▶ **EXERCISE DESCRIPTION**: In the entries below, find the line with "Рецепт буше пирожного" and the line with "stars colors lash lift kit"; give again those lines and every line between them, exactly.

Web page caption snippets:

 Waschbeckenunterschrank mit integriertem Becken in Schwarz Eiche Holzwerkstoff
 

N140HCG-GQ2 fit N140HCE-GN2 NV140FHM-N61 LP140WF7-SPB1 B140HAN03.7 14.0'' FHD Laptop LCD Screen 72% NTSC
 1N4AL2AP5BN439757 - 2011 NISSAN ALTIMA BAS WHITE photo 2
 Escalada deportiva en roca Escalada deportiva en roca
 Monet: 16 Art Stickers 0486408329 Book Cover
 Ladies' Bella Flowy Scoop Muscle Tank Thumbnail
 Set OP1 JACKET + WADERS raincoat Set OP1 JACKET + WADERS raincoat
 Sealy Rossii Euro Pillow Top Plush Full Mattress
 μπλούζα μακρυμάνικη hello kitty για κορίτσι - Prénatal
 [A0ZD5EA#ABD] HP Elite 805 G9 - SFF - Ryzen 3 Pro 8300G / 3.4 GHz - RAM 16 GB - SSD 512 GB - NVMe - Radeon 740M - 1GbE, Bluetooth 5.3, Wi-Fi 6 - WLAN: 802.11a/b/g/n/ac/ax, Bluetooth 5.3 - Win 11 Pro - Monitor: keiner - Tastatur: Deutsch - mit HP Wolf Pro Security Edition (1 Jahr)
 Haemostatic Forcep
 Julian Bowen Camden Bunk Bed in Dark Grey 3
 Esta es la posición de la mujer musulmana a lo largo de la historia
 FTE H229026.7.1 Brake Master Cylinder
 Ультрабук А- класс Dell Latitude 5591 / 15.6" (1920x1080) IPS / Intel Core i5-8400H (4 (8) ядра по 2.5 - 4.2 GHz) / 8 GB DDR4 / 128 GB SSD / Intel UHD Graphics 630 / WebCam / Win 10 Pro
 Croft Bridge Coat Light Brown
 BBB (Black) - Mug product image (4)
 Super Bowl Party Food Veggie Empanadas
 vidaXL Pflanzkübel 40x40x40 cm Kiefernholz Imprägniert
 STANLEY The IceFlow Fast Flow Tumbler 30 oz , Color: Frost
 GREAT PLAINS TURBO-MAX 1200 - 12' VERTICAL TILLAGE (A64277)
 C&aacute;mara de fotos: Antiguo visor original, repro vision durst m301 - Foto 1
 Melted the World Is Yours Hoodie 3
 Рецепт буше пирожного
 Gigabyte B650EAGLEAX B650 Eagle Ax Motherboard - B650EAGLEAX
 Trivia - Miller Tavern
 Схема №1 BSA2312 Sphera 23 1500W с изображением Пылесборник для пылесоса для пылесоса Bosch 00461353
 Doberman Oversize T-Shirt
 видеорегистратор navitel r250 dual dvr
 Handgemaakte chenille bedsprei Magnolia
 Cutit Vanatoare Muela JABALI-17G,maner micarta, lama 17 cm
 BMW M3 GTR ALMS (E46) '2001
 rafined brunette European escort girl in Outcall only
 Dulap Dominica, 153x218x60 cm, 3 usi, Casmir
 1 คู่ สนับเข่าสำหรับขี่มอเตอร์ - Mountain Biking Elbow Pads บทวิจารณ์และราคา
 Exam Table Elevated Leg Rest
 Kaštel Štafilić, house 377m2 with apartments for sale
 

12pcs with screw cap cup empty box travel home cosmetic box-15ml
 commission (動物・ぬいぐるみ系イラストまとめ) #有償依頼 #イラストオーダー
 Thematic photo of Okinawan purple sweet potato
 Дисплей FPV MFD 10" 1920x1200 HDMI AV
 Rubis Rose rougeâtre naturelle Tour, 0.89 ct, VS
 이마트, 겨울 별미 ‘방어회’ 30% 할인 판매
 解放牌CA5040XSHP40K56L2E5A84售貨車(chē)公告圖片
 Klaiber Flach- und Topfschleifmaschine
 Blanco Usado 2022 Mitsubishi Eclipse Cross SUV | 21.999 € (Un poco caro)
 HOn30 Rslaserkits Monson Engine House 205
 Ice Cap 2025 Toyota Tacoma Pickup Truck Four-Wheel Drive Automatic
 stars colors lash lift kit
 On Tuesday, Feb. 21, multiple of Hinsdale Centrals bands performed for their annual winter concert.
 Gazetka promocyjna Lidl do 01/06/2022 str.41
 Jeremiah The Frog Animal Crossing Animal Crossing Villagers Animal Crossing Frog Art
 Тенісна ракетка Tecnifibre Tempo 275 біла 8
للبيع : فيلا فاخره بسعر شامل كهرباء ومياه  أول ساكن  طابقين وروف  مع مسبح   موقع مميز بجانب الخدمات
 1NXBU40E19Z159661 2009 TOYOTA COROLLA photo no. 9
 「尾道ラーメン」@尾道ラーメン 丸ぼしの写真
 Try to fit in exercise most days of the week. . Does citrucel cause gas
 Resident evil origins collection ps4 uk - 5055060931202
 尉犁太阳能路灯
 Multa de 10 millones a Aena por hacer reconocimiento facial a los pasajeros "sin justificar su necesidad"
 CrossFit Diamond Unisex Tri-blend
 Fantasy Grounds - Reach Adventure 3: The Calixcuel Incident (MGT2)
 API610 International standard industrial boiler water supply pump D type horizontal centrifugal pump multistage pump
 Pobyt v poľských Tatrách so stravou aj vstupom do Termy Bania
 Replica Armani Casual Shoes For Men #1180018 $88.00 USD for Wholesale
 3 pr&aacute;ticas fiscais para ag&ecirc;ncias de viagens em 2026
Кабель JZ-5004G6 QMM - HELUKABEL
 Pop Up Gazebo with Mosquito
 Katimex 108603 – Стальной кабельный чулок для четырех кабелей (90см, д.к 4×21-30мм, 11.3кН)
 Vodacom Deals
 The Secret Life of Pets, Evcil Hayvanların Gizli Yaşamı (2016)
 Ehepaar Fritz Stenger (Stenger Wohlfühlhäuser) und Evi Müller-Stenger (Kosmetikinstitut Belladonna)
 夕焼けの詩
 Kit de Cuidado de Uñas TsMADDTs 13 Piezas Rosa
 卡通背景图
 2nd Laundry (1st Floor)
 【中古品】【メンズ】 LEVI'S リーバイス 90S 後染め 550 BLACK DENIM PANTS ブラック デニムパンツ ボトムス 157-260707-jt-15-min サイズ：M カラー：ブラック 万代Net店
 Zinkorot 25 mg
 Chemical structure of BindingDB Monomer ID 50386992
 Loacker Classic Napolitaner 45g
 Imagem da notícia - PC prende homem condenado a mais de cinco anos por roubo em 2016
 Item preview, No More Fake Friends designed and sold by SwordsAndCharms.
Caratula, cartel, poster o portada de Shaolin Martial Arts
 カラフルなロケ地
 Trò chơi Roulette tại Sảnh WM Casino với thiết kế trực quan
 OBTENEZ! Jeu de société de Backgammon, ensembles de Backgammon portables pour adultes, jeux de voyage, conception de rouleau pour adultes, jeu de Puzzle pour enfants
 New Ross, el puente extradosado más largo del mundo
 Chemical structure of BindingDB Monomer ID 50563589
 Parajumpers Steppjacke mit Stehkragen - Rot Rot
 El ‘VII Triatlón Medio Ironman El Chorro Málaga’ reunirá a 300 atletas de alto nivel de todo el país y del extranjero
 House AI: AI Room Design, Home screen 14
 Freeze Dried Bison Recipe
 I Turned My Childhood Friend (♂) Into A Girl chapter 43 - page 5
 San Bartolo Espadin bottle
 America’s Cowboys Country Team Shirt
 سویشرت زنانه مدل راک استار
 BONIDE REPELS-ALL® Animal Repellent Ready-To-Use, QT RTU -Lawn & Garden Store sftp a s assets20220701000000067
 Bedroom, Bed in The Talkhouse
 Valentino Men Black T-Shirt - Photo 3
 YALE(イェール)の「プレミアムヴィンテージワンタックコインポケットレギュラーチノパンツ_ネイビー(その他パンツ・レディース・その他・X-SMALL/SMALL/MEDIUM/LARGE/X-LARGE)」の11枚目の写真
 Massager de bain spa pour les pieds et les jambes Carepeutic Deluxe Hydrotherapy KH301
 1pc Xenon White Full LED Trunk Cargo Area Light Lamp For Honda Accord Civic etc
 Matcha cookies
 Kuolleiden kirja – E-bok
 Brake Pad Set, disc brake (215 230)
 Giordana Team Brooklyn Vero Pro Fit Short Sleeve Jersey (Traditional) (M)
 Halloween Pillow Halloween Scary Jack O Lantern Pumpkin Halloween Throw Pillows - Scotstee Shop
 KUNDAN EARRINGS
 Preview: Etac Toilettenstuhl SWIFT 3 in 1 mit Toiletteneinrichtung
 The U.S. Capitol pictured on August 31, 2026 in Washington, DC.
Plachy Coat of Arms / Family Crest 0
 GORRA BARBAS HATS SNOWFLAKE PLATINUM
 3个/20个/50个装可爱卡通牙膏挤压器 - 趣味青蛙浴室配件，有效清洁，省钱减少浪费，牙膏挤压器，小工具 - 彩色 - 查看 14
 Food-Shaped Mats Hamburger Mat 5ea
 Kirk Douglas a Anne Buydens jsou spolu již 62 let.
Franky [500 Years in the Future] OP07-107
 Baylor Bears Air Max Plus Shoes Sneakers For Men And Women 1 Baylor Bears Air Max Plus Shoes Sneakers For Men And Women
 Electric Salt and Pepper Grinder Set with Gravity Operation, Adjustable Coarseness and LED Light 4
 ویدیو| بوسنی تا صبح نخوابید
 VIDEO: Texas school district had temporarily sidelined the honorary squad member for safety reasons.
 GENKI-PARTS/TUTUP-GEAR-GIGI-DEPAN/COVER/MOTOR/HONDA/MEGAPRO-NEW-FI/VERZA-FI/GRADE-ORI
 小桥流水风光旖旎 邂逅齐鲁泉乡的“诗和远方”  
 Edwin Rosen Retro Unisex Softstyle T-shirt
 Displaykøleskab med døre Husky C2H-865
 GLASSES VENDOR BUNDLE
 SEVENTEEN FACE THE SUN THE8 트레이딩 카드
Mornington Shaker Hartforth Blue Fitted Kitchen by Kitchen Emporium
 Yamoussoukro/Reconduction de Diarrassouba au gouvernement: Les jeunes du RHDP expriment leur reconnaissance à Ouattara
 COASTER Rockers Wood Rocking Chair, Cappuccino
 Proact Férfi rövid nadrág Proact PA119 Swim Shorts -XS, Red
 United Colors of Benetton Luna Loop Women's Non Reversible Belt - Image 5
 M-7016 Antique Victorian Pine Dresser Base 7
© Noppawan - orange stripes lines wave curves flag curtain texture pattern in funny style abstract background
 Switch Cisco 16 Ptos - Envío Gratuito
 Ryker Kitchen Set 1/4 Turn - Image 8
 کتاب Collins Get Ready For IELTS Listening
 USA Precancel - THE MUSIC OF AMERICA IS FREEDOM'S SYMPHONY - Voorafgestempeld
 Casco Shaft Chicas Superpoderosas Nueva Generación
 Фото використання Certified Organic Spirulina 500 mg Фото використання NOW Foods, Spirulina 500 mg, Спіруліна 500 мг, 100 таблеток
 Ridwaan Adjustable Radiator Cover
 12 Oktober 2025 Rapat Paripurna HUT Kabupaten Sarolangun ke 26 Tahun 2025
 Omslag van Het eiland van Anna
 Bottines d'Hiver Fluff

▶ **SOLUTION**:
 Рецепт буше пирожного
 Gigabyte B650EAGLEAX B650 Eagle Ax Motherboard - B650EAGLEAX
 Trivia - Miller Tavern
 Схема №1 BSA2312 Sphera 23 1500W с изображением Пылесборник для пылесоса для пылесоса Bosch 00461353
 Doberman Oversize T-Shirt
 видеорегистратор navitel r250 dual dvr
 Handgemaakte chenille bedsprei Magnolia
 Cutit Vanatoare Muela JABALI-17G,maner micarta, lama 17 cm
 BMW M3 GTR ALMS (E46) '2001
 rafined brunette European escort girl in Outcall only
 Dulap Dominica, 153x218x60 cm, 3 usi, Casmir
 1 คู่ สนับเข่าสำหรับขี่มอเตอร์ - Mountain Biking Elbow Pads บทวิจารณ์และราคา
 Exam Table Elevated Leg Rest
 Kaštel Štafilić, house 377m2 with apartments for sale
 

12pcs with screw cap cup empty box travel home cosmetic box-15ml
 commission (動物・ぬいぐるみ系イラストまとめ) #有償依頼 #イラストオーダー
 Thematic photo of Okinawan purple sweet potato
 Дисплей FPV MFD 10" 1920x1200 HDMI AV
 Rubis Rose rougeâtre naturelle Tour, 0.89 ct, VS
 이마트, 겨울 별미 ‘방어회’ 30% 할인 판매
 解放牌CA5040XSHP40K56L2E5A84售貨車(chē)公告圖片
 Klaiber Flach- und Topfschleifmaschine
 Blanco Usado 2022 Mitsubishi Eclipse Cross SUV | 21.999 € (Un poco caro)
 HOn30 Rslaserkits Monson Engine House 205
 Ice Cap 2025 Toyota Tacoma Pickup Truck Four-Wheel Drive Automatic
 stars colors lash lift kit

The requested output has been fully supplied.